- Your assignment
Give again only the lines from the line that holds "Hyundai Solaris I" to the end of the data, inclusive, omitting all pictures.

-- Input material follows --

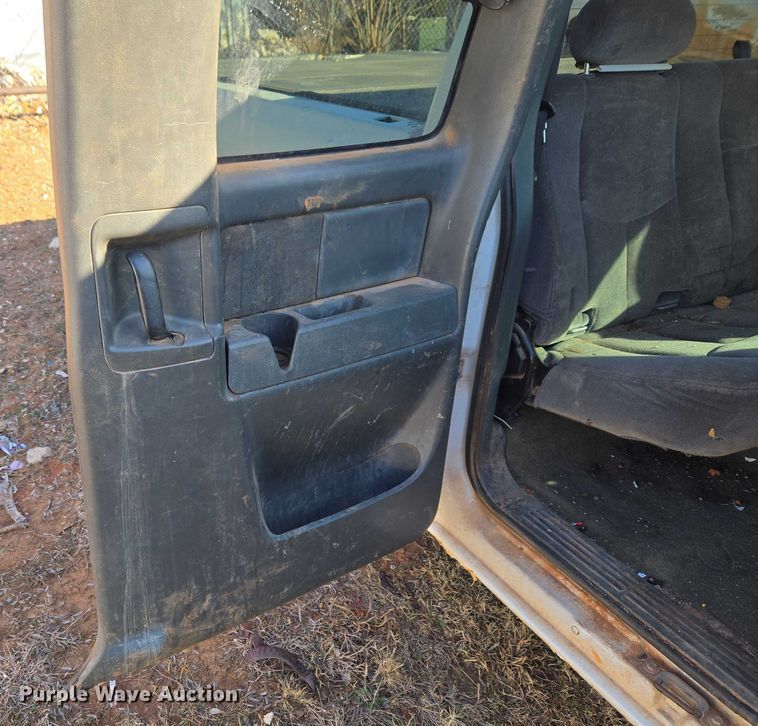 image for item ET1180 2006 GMC Sierra 1500 Ext. Cab pickup truck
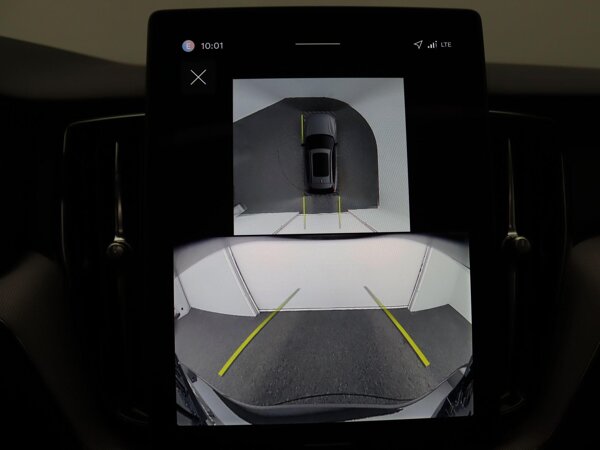 Visual Park Assist met Front "Fisheye" view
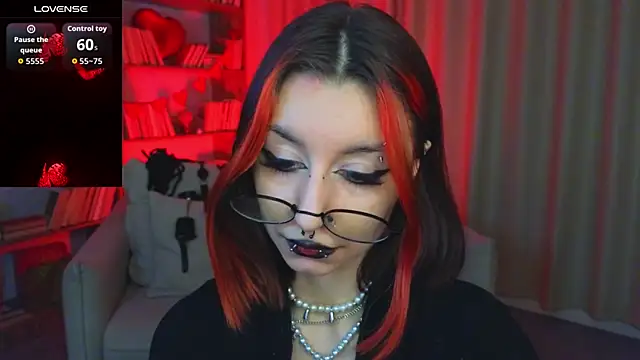 Snapshot of Mistress__Marcelline chatting on February 2026 09:43:01 AM Mistress Marcelline online show from February 2026 09:43:01 AM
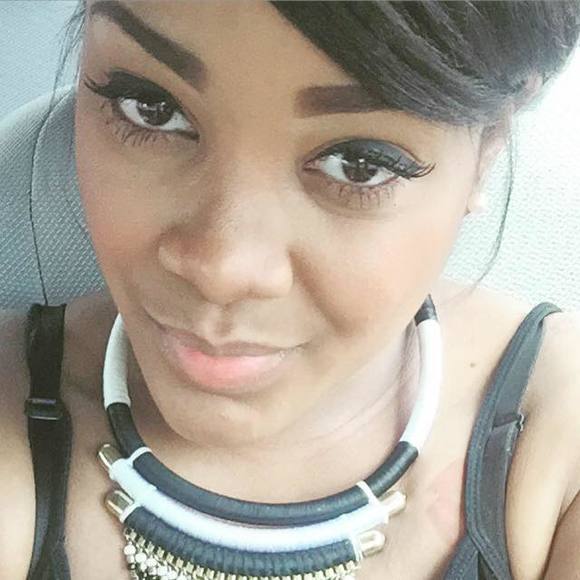 Meet your Posher, Charmaine - Picture 1 of 1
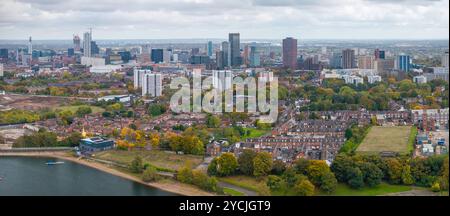 Image aérienne de Birmingham depuis le point de vue du réservoir Edgbaston. Banque D'Images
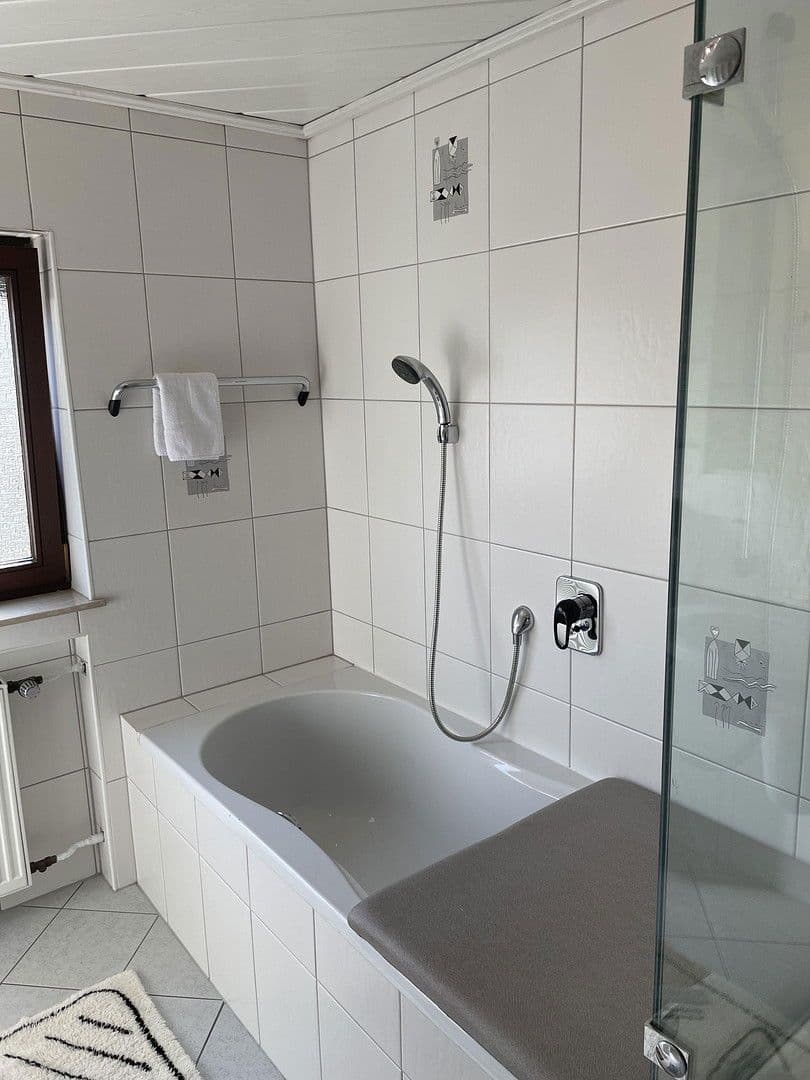 Pronájem bytu 3+1 125 m², Hambachstrasse 12, Hessigheim, Bádensko-Württembersko Pronájem bytu 3+1 125 m², Hambachstrasse 12, Hessigheim, Bádensko-Württembersko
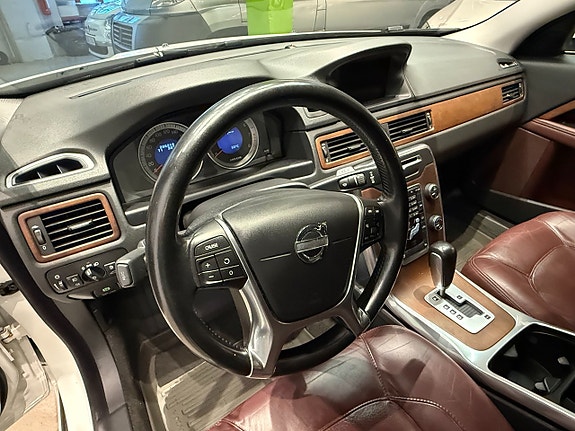 Volvo V70 9 of 12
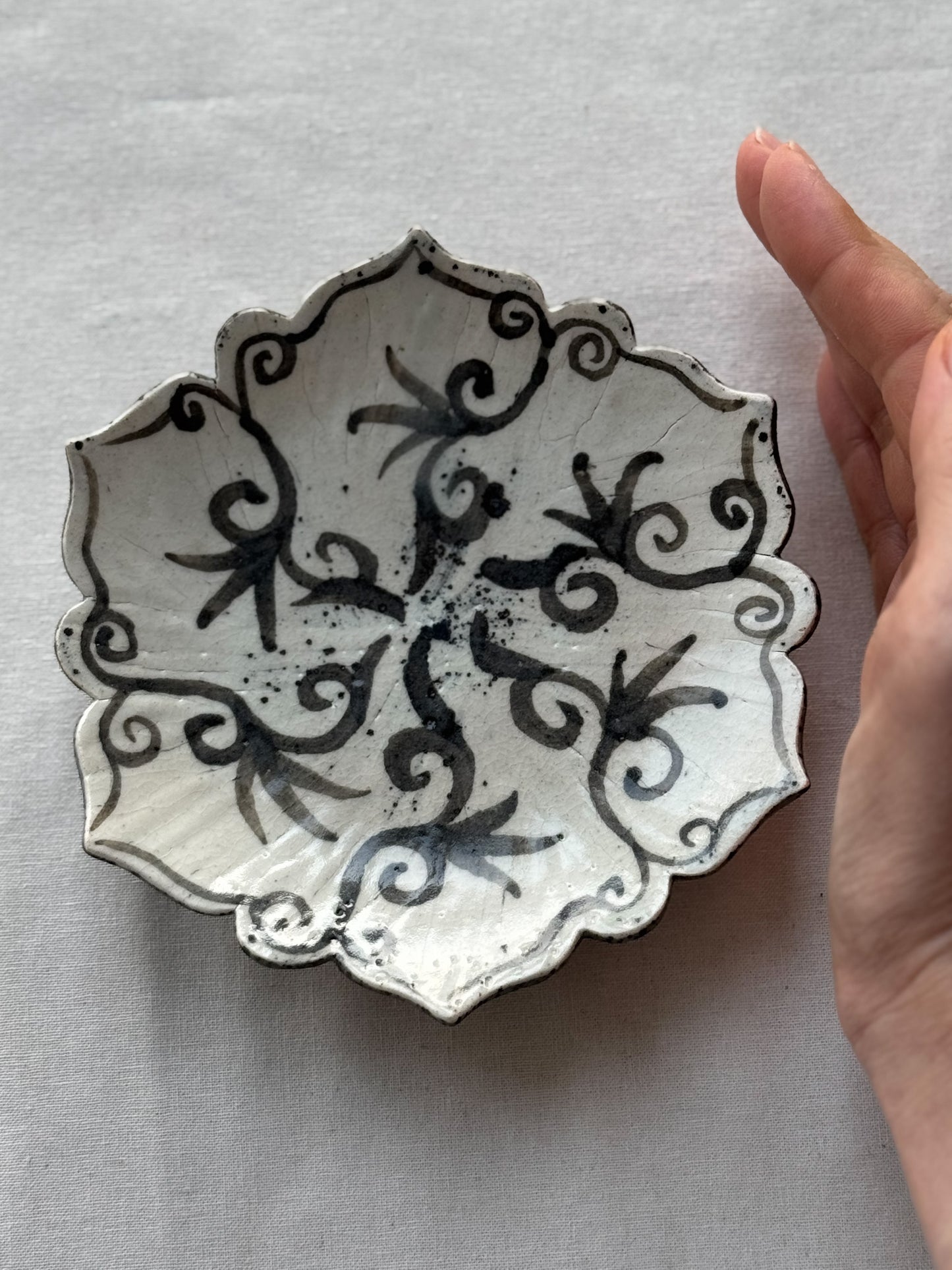 Scalloped Buncheong Vine Plate I
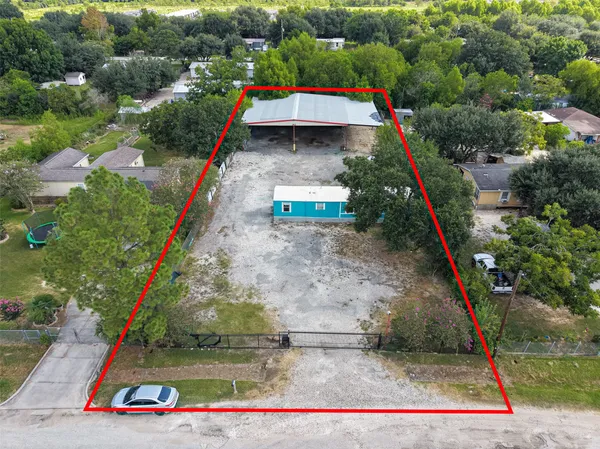 $2,400 | 33618 Falcon Spring Street, Hockley, TX 77447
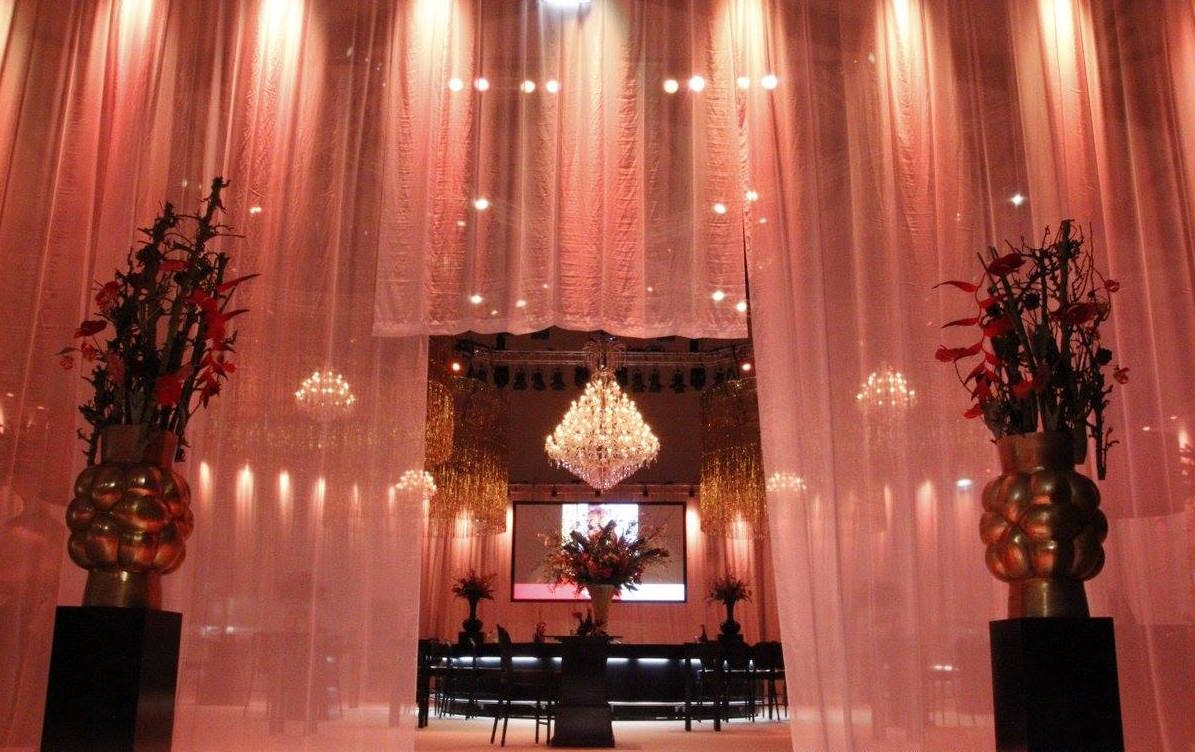 Chandelier rental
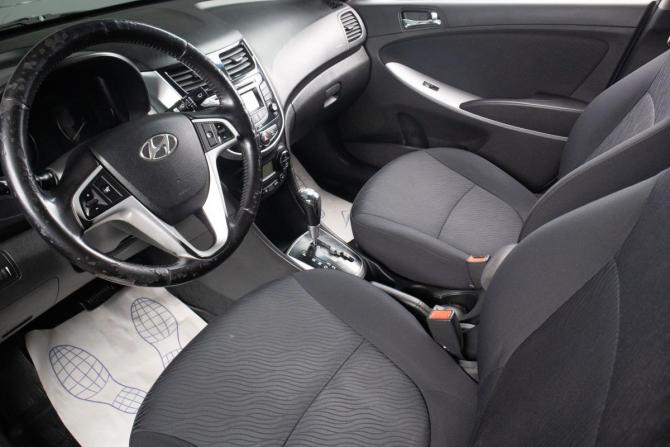 Hyundai Solaris I с пробегом 2012 года, цена 719 000 рублей, 204525 км, седан, Автокод Объявления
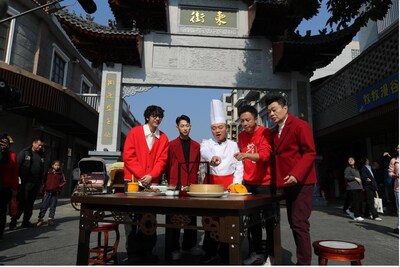 A photo of the interactive magic show "Welcome to Yunfu"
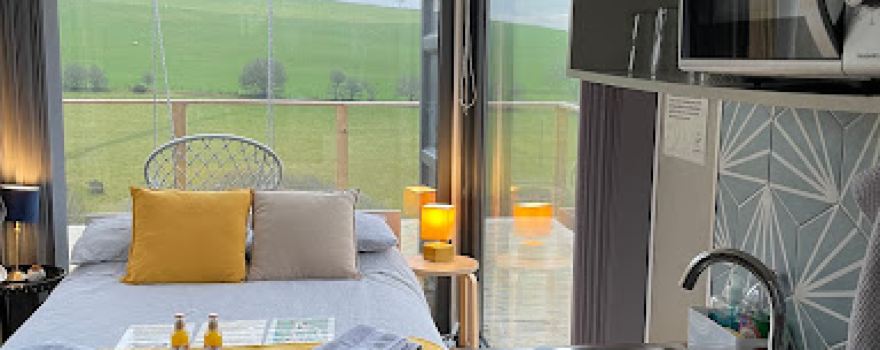 Black Ewe Glamping - Hot Tub Self Catering Glamping Wales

-- Input material concluded --

- Solution to this task
 Hyundai Solaris I с пробегом 2012 года, цена 719 000 рублей, 204525 км, седан, Автокод Объявления
 A photo of the interactive magic show "Welcome to Yunfu"
 Black Ewe Glamping - Hot Tub Self Catering Glamping Wales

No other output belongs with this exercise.